_EXERCISE BRIEF:_ Print the data exactly. Omit the pictures.

_INFORMATION PROVIDED:_
[Start of section]

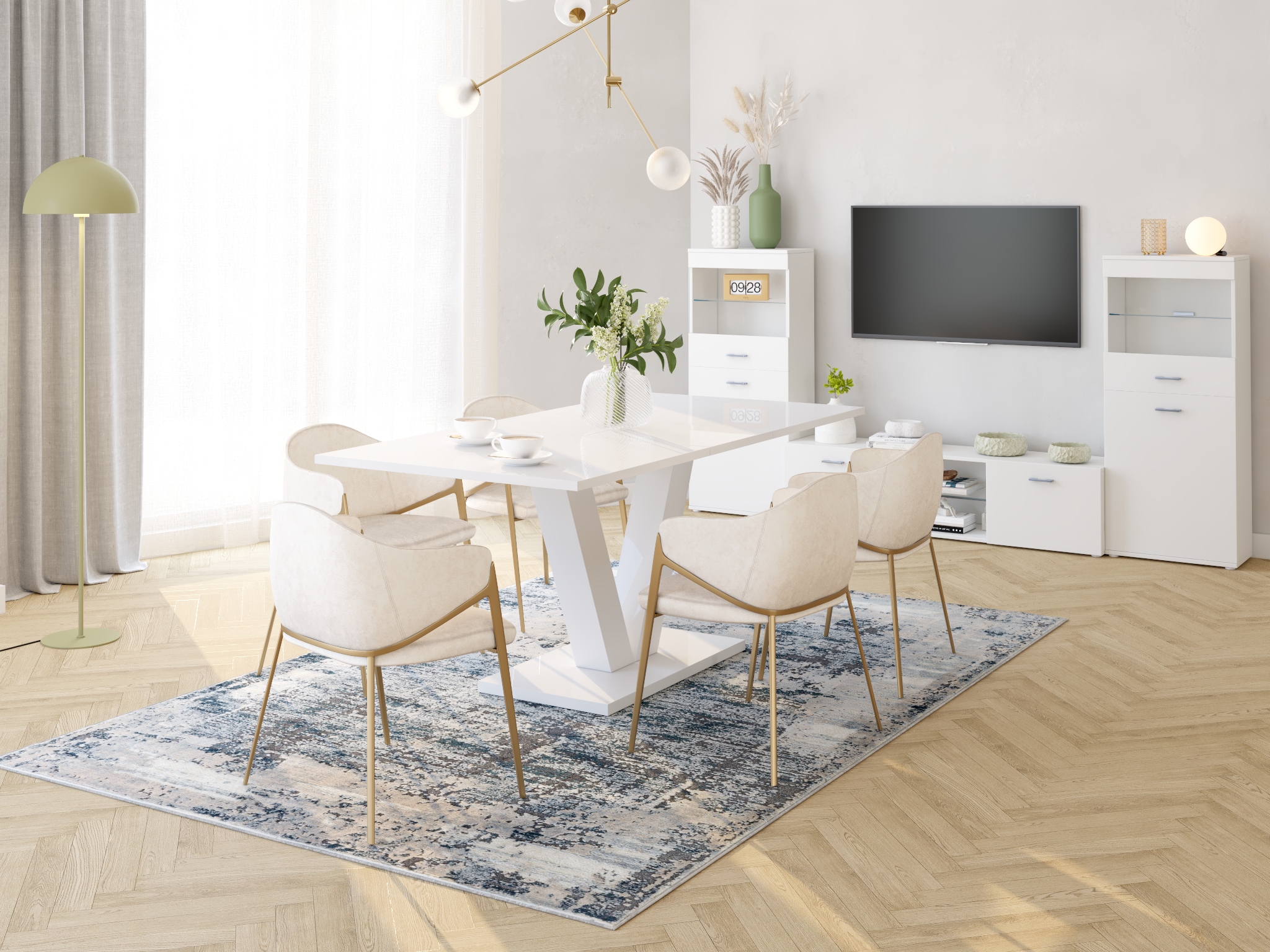 borchardt Möbel Wohnwand »Scala, Mediawand 3-teilig mit 2 Vitrinen und Lowboard«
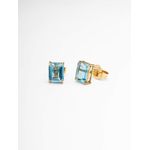 Brinco Solitário Topazio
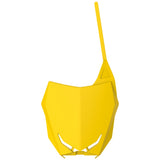 POLISPORT NUM PLATE REST SUZ RM125/250 01-08 Yellow - Driven Powersports
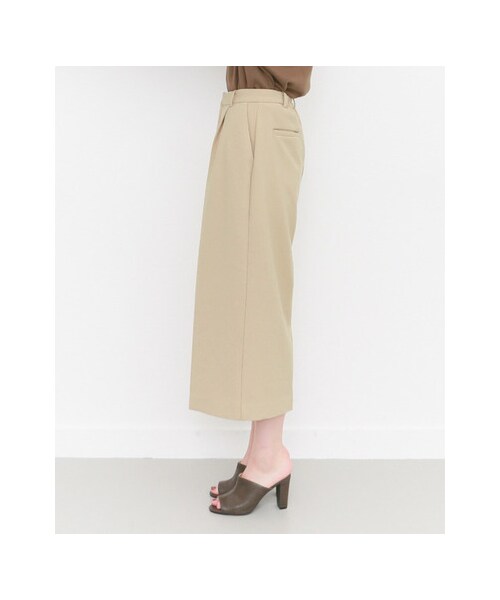 KBF(ケイビーエフ)の「KBF+ ワイドクロップドパンツ(パンツ・レディース・D.RED/KHAKI/BEIGE/BLACK・one)」の14枚目の写真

[End of section]

_EXERCISE RESULT:_
 borchardt Möbel Wohnwand »Scala, Mediawand 3-teilig mit 2 Vitrinen und Lowboard«
 Brinco Solitário Topazio
 POLISPORT NUM PLATE REST SUZ RM125/250 01-08 Yellow - Driven Powersports
 KBF(ケイビーエフ)の「KBF+ ワイドクロップドパンツ(パンツ・レディース・D.RED/KHAKI/BEIGE/BLACK・one)」の14枚目の写真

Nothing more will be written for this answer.